Data Pre-Processing

Warning

The documentation is under active development. Statistical and machine learning models will be made available once fully validated.

MUSE/RAVENS Pipeline

The MUSE/RAVENS pipeline performs the anatomical segmentation and parcellation. Following these steps will setup the MUSE/RAVENS processing pipeline using a singularity container.

Setup

Running the scripts inside the container requires Git and Singularity.

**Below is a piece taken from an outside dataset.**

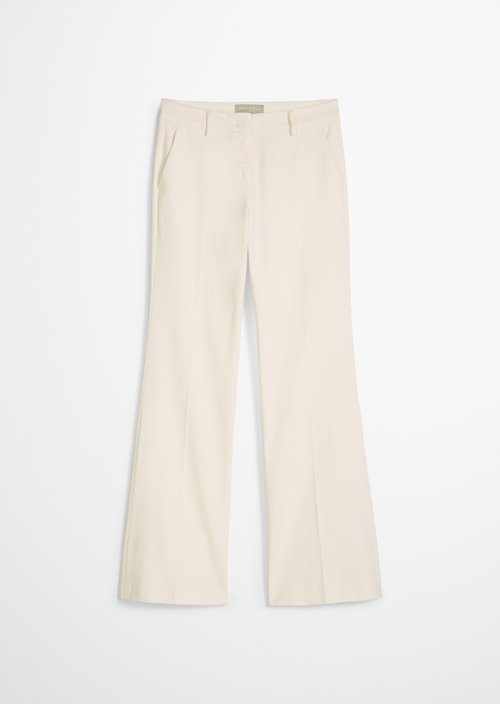 Trousers model Marthe flared — White Cotton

Follow directions of the respective tools to install Singularity (https://sylabs.io/guides/3.8/admin-guide/installation.html) and Git (https://github.com/git-guides/install-git).

Make sure that the commands singularity and git are available in the terminal, for instance by adding them to the $PATH environment variable.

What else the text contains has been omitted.